Your goal: In the entries below, repeat only the lines between those holding "Sofía | Elegante conjunto de verano" and "Make Eggstick step 3", inclusive. Leave pictures out.

Provided records:

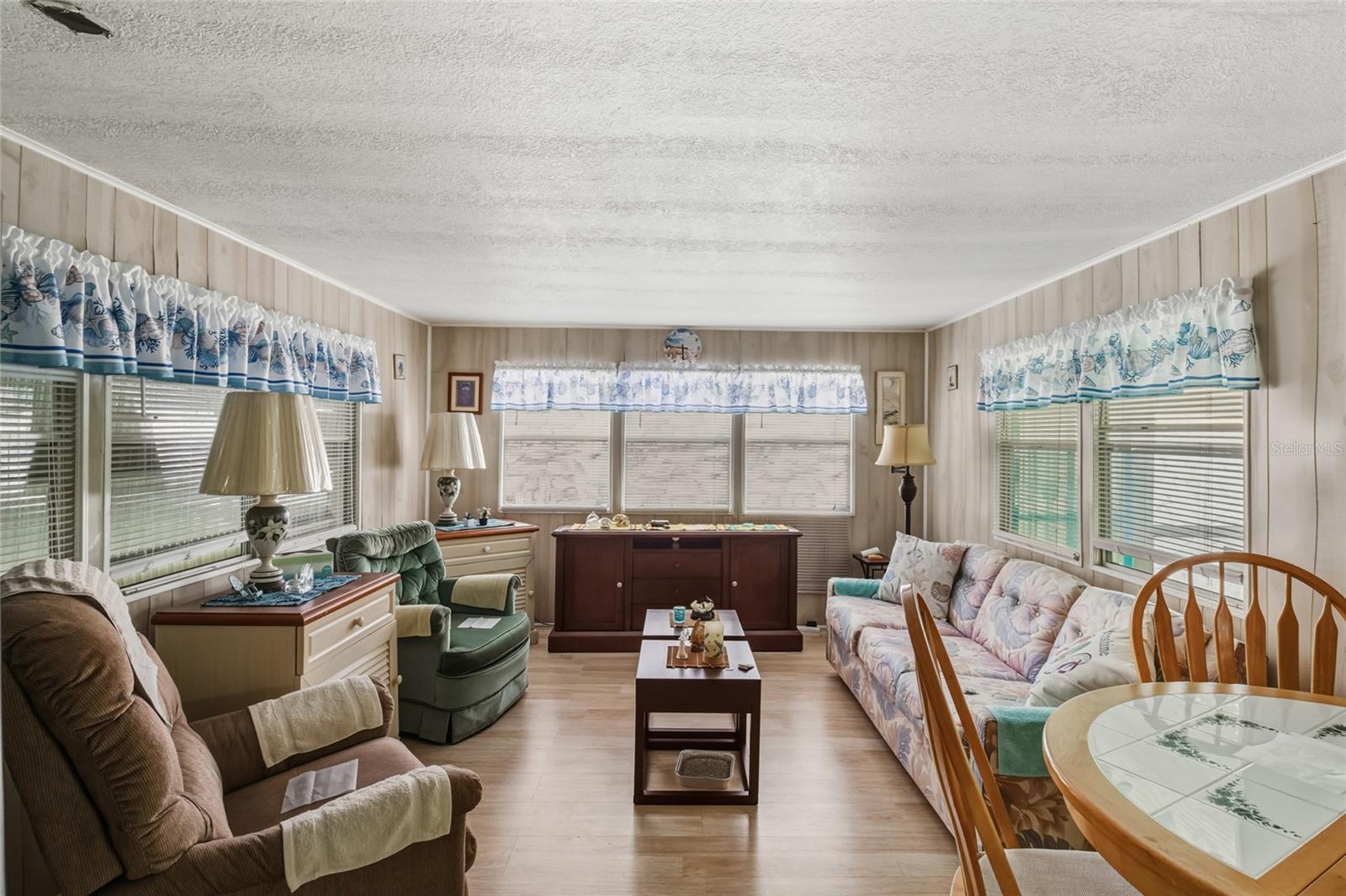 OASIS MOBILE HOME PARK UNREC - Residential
...
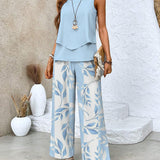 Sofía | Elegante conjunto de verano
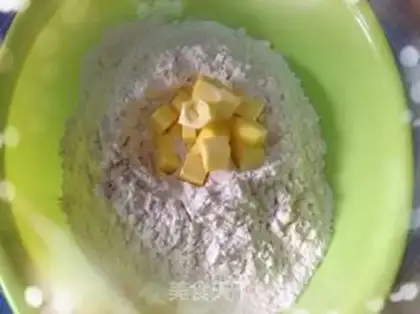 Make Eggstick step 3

Result of the exercise:
 Sofía | Elegante conjunto de verano
 Make Eggstick step 3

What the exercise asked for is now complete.